A mágica do rádio
A mágica do rádio
Luis Fernando Veríssimo
Não posso dizer que me decepcionei na primeira vez que vi um jogo de futebol no campo. Naquele tempo – pelo menos em Porto Alegre –, ainda não havia arame ou fosso protegendo o campo da torcida, podia-se ver o jogo debruçado sobre uma cerca baixa de madeira, na beira do gramado, só se arriscando a levar uma bolada ou ser atropelado por um jogador sem freios. Sentiase o cheiro da grama, ouvia-se o xingamento entre os adversários – era outro universo. Mas estranhei a ausência do locutor.
Descobri que futebol apenas visto (não, crianças, existia nem radinho de pilha para se levar ao jogo) era muito diferente de futebol “irradiado”.
Os locutores de rádio nos acostumavam com uma narrativa dramática, mesmo que nada de muito emocionante estivesse acontecendo em campo. Pelo rádio, os ataques do nosso time eram sempre cargas épicas contra a defesa inimiga, e os gols do nosso time não eram apenas bolas na rede, eram bolas na rede acompanhadas por um grito triunfal, que repetíamos – “Goooooooool!!!” – com entusiasmo feroz. No campo, naquela primeira vez, senti falta do drama ininterrupto que o locutor fornecia.
O futebol ao vivo, paradoxalmente, era mais incompleto do que o futebol narrado.

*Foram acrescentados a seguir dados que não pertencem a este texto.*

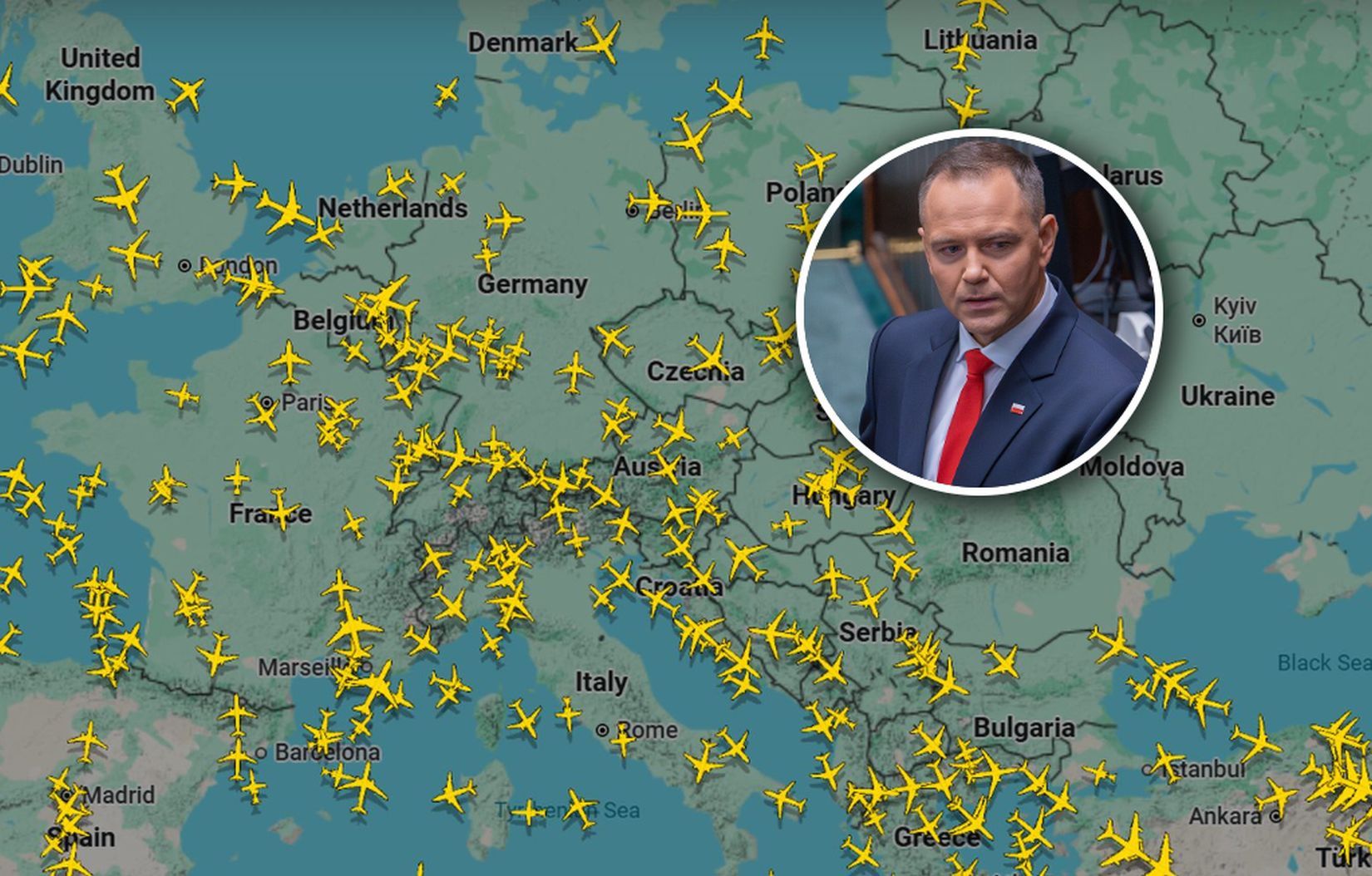 Podali konkretną liczbę. Tyle osób śledziło lot Karola Nawrockiego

A mágica do rádio era esse outro universo, feito só com vozes. O rádio não era som sem imagem, uma realidade pela metade. Era som criando imagens, uma realidade diferente. Isso não valia apenas para o futebol. O “rádioteatro” era mais realista do que qualquer novela da TV, porque quem fornecia a cenografia, a paisagem e o ambiente era o próprio ouvinte, na sua cabeça – e com recursos ilimitados. O próprio noticiário de rádio tinha uma autoridade que a TV nunca conseguiu reproduzir, talvez porque uma voz firme concentrasse mais a atenção do que a visão de um locutor emitindo-a, e ainda por cima maquiado.
Claro que não deixei de ir ao campo para ficar em casa ouvindo a narração, imaginando jogos sensacionais em vez de vendo jogos nem sempre tão animados.
Mas só com o advento do rádio transistor, que tornou possível estarmos em dois universos simultaneamente – o do jogo contado e o do jogo presenciado –, é que senti que minha experiência do futebol estava completa. Eu tinha o futebol de fato e o futebol das vozes.
O mágico.
Mas isso foi há muito tempo.
Hoje, sou um torcedor relapso, reduzido a reminiscências nostálgicas. E pay-per-view.
*Publicada, entre outros, no A Tarde de ontem.